ACTIVITY:
For this exercise, output exactly and only the lines running from the one with "Made in: Austria" through the final line of the data below, without pictures.

--- RECORD EXCERPTS Enclosed Below ---

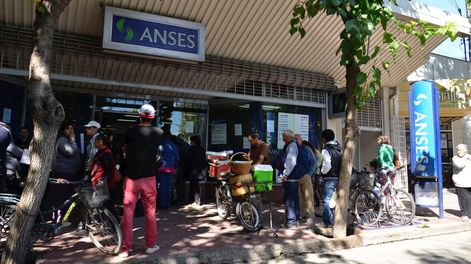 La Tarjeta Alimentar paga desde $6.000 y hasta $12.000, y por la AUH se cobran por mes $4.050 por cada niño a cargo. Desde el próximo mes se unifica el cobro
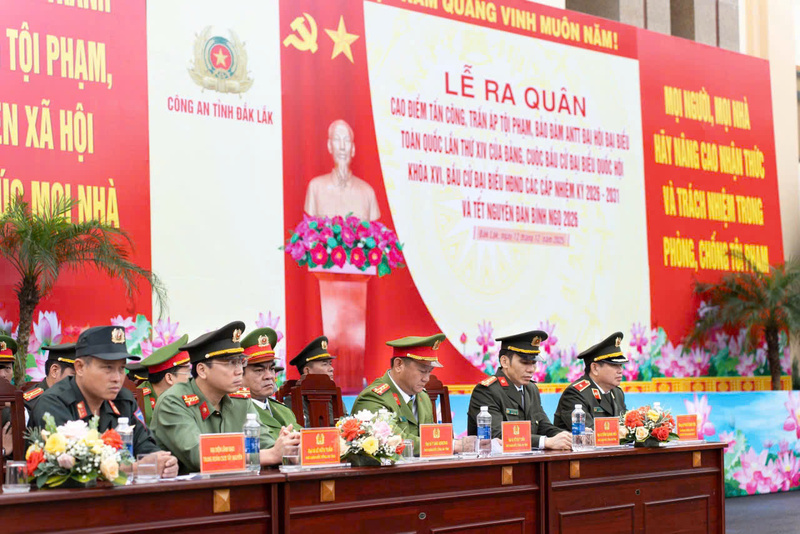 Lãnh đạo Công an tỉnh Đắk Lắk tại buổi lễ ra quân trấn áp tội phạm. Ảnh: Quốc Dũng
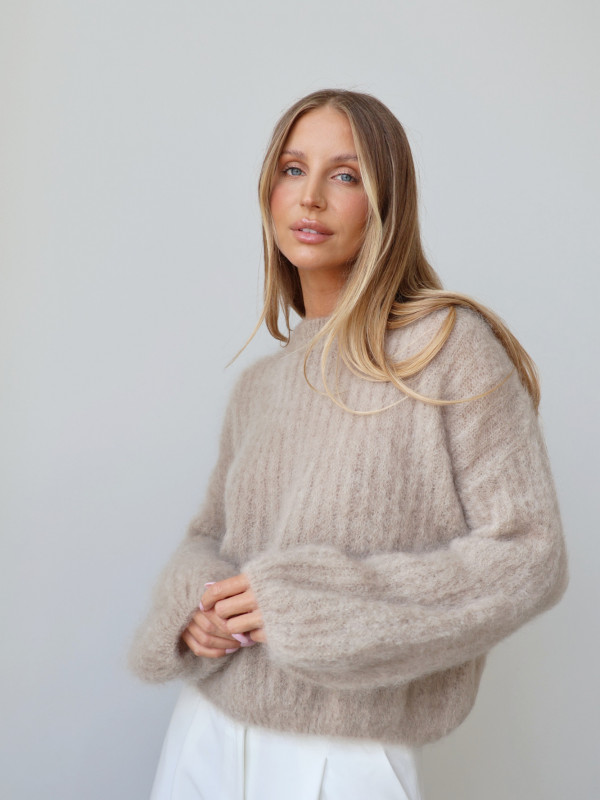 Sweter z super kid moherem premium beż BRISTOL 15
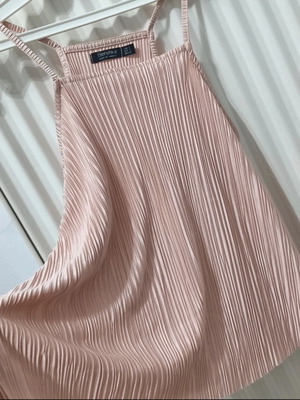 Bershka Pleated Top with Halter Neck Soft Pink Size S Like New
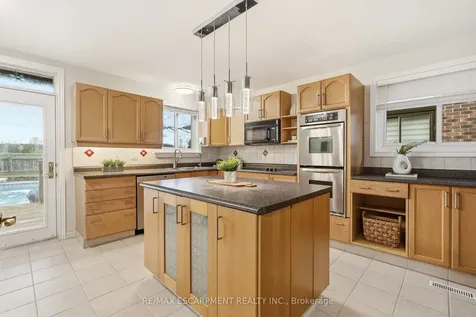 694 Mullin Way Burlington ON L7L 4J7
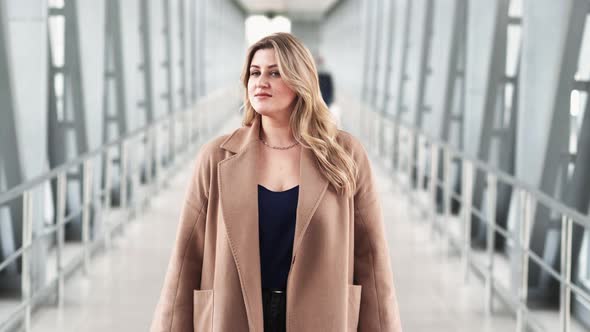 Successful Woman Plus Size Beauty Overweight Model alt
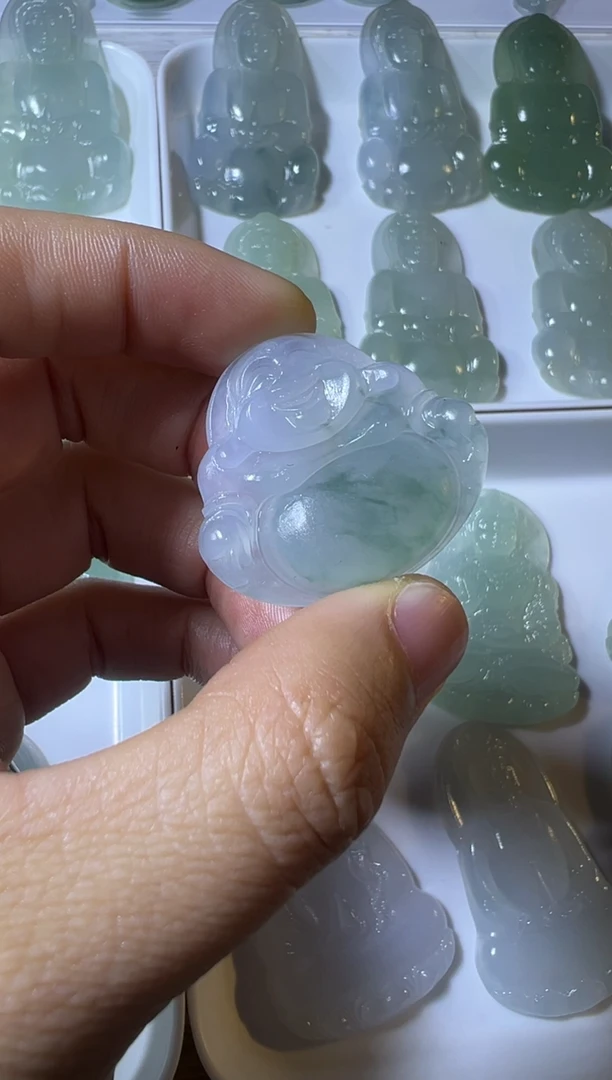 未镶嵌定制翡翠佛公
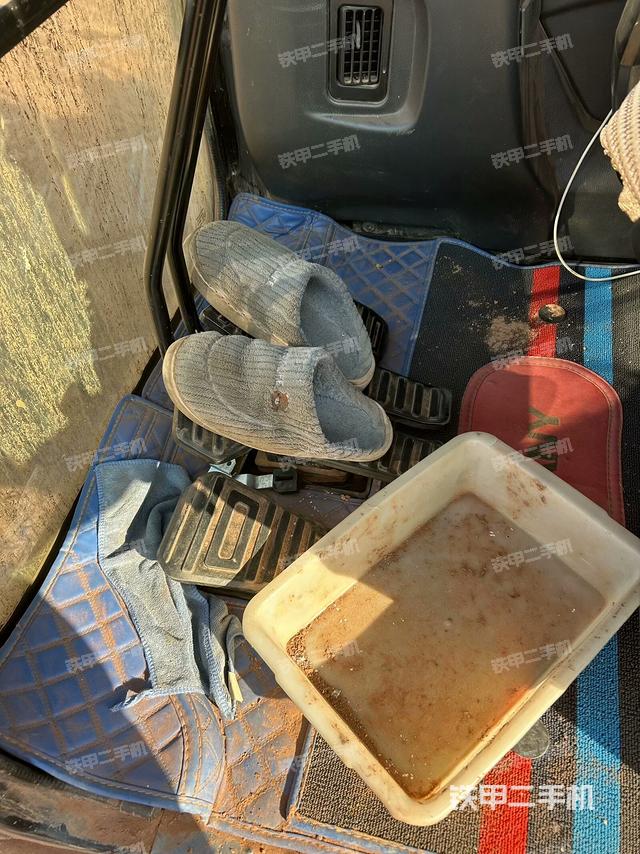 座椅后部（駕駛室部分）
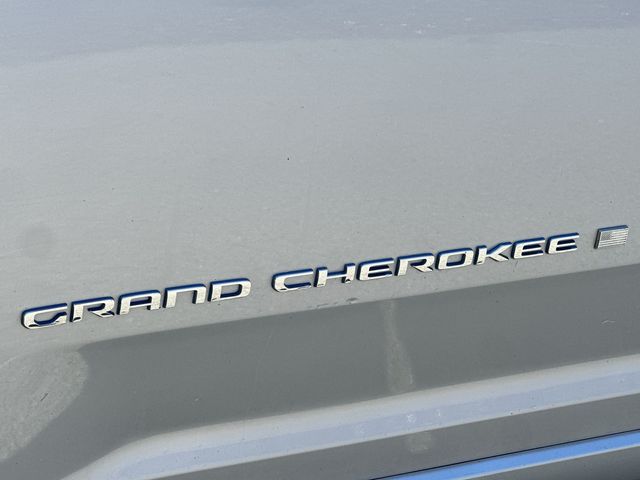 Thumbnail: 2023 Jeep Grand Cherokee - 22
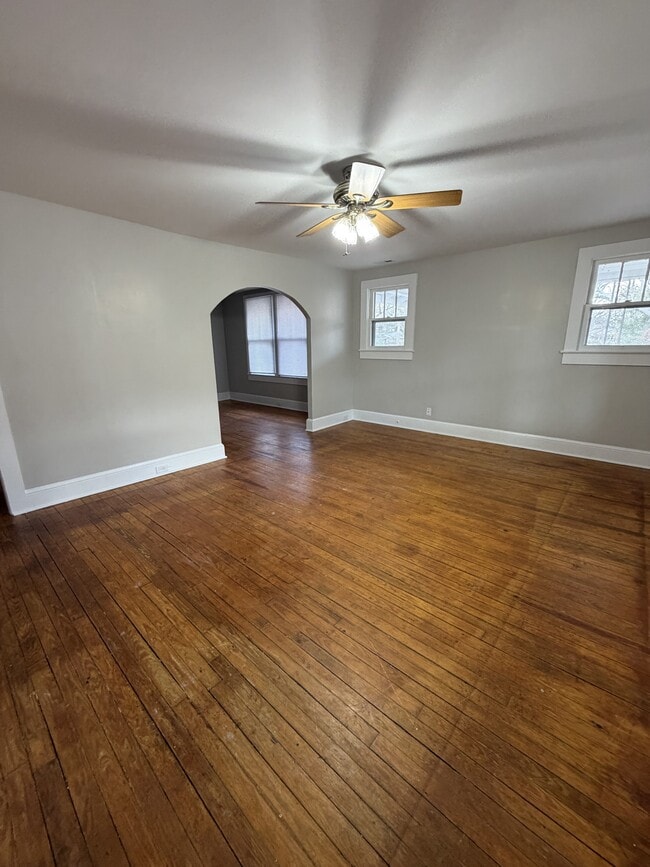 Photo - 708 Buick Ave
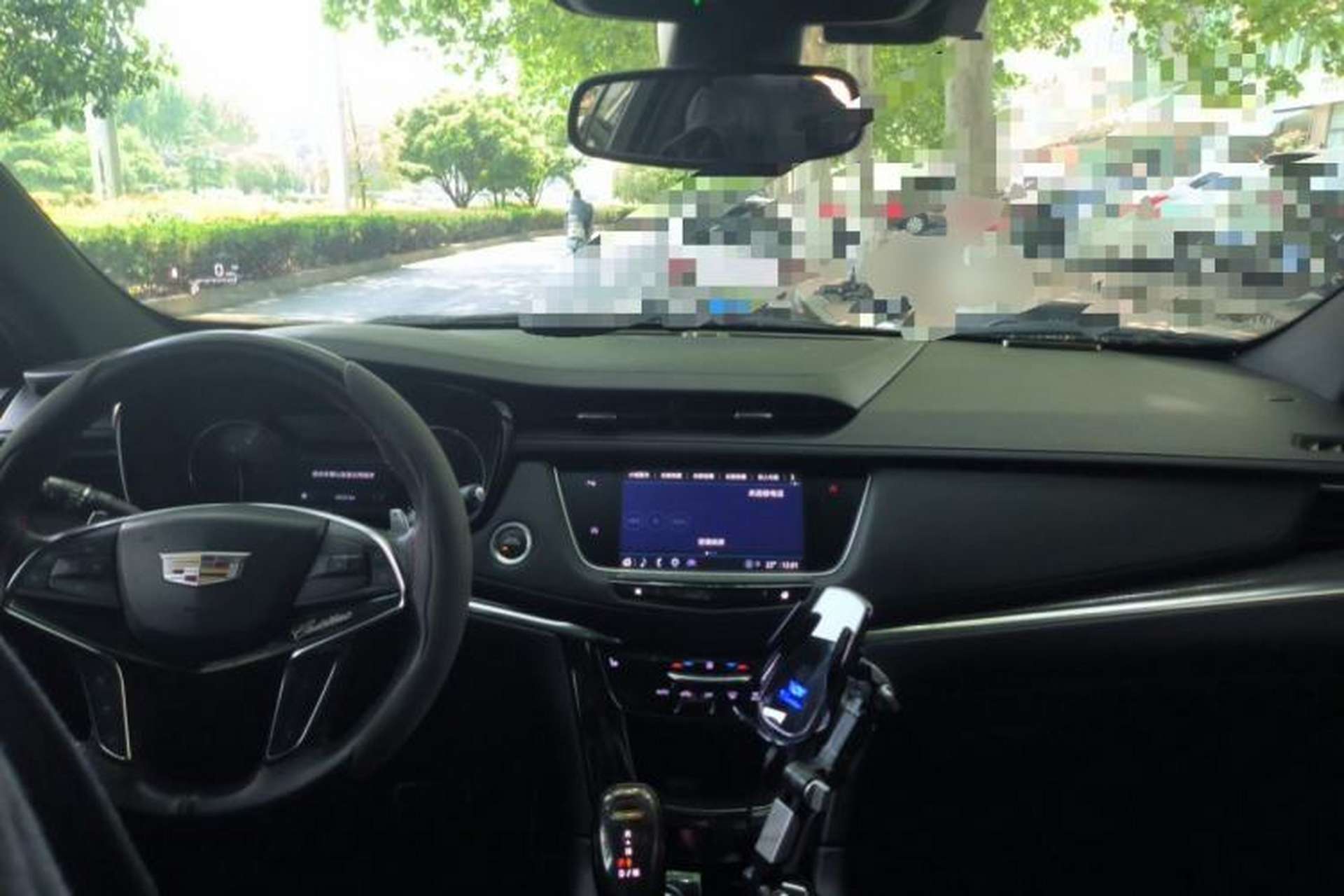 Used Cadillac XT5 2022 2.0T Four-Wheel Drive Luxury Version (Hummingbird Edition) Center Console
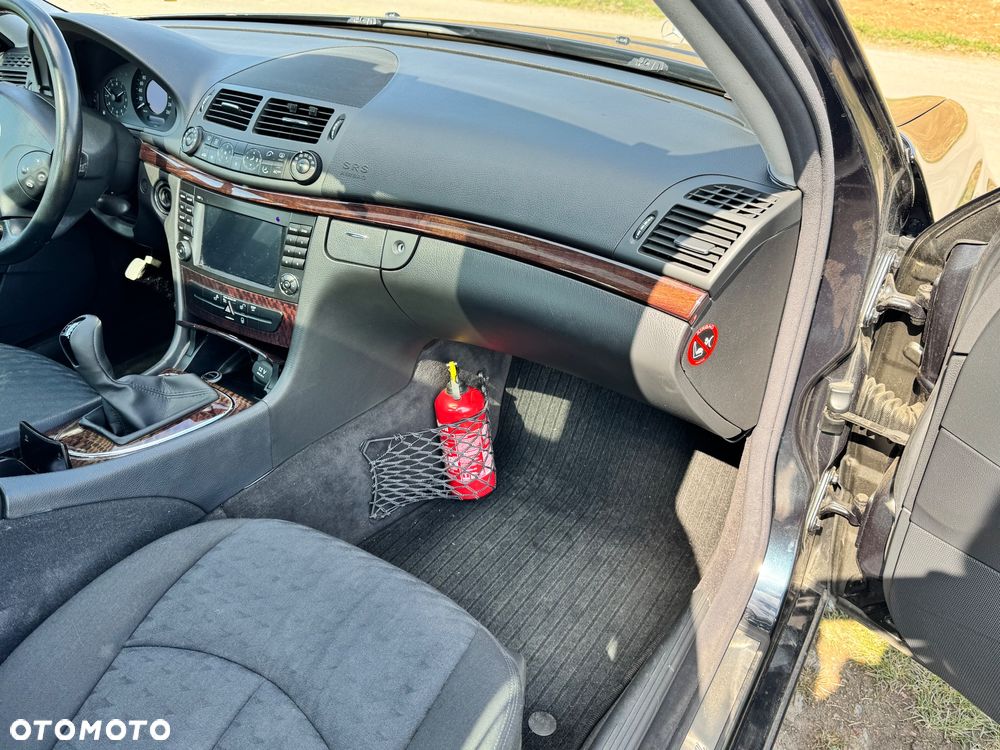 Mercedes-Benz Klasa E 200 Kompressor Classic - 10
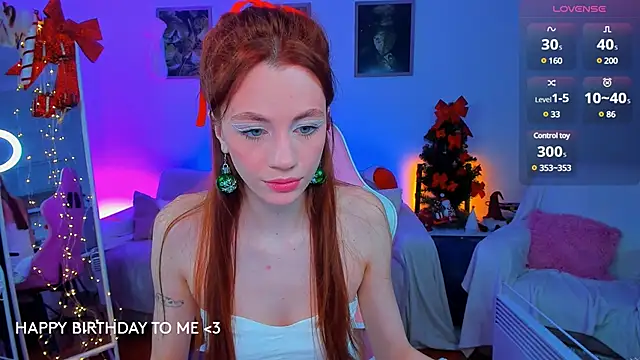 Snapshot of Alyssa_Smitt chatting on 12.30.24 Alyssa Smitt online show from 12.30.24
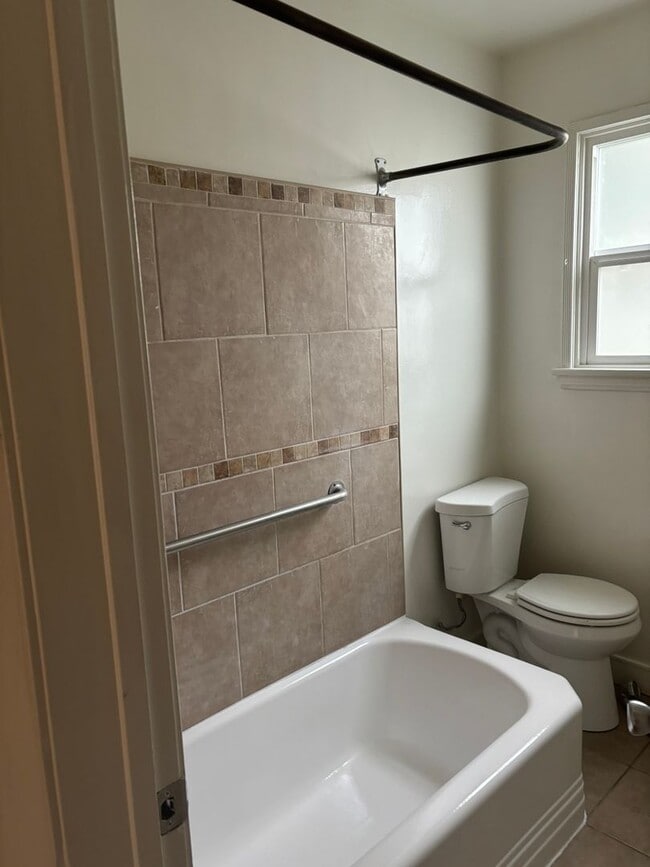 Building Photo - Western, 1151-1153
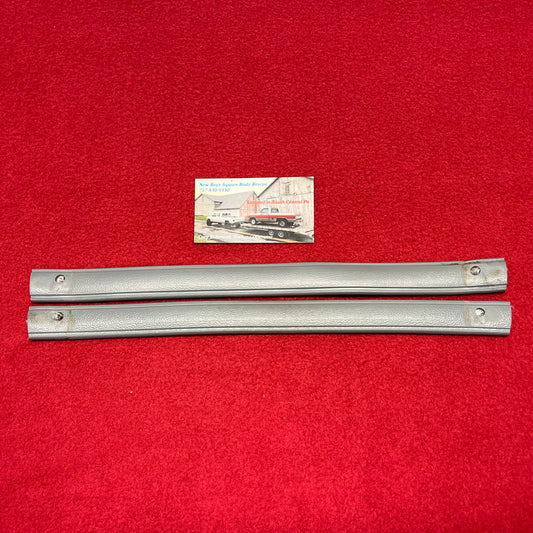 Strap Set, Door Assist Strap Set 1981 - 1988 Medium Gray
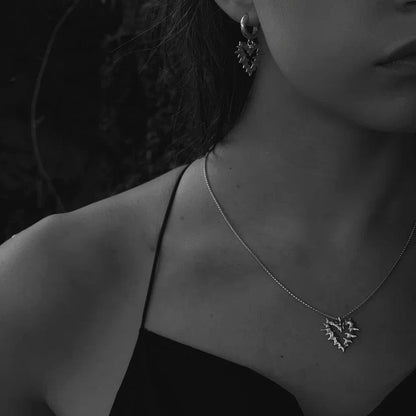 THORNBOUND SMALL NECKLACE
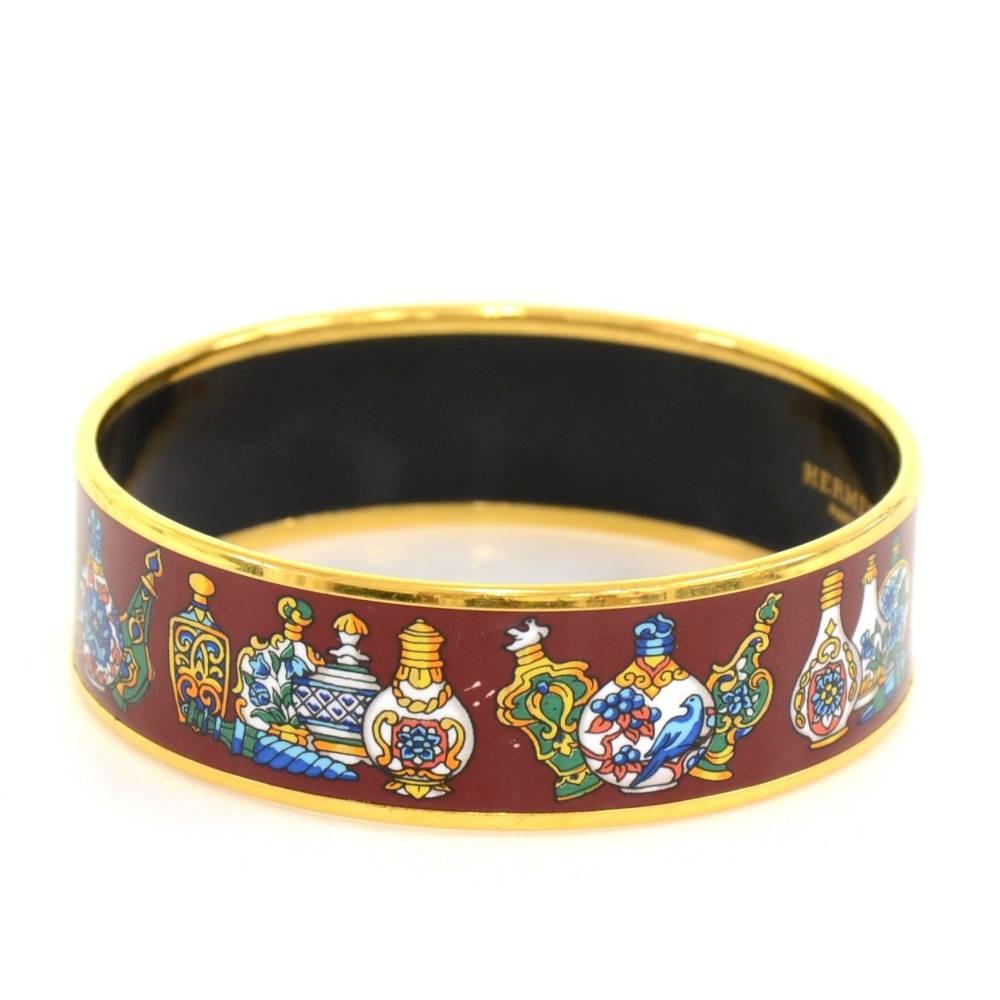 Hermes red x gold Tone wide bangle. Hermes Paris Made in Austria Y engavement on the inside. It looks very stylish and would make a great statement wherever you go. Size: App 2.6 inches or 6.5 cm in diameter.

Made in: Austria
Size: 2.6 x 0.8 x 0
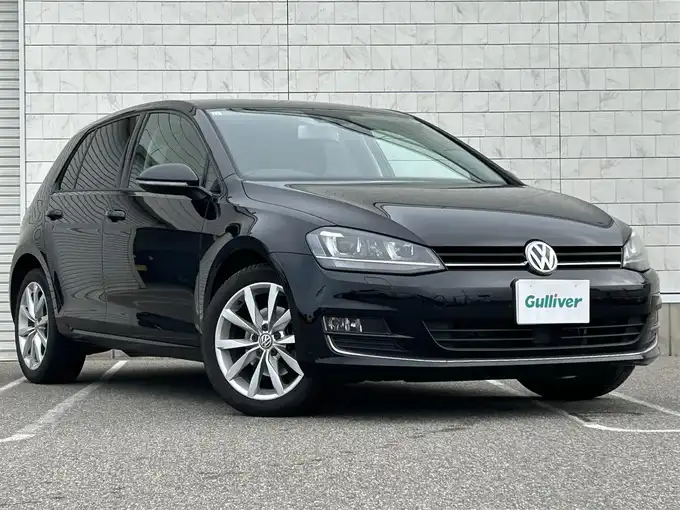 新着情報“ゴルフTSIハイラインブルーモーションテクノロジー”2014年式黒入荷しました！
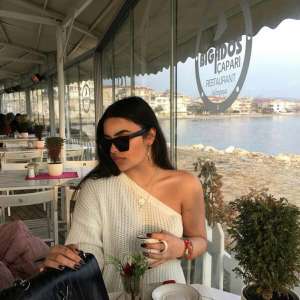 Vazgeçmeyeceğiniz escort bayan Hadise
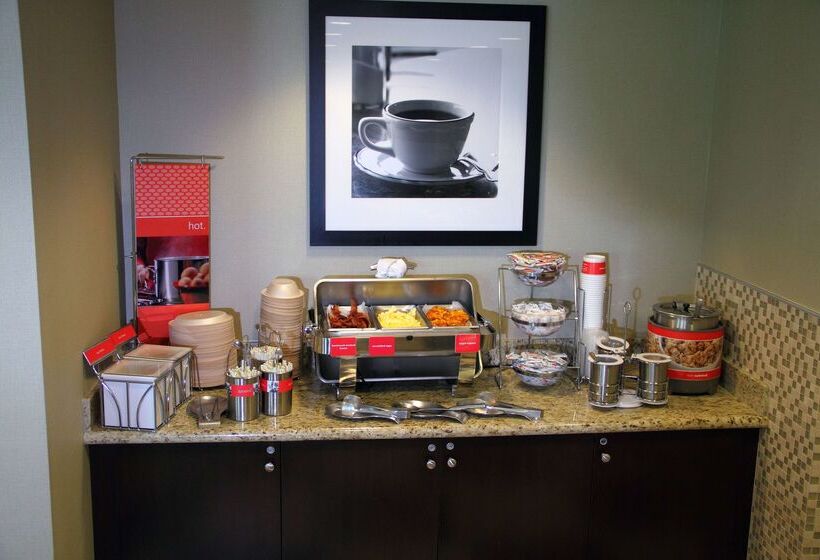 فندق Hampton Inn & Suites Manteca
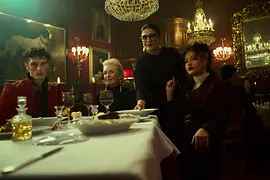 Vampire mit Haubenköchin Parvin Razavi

--- End of Enclosed RECORD EXCERPTS ---

EXERCISE RESULT:
Made in: Austria
Size: 2.6 x 0.8 x 0
 新着情報“ゴルフTSIハイラインブルーモーションテクノロジー”2014年式黒入荷しました！
 Vazgeçmeyeceğiniz escort bayan Hadise
 فندق Hampton Inn & Suites Manteca
 Vampire mit Haubenköchin Parvin Razavi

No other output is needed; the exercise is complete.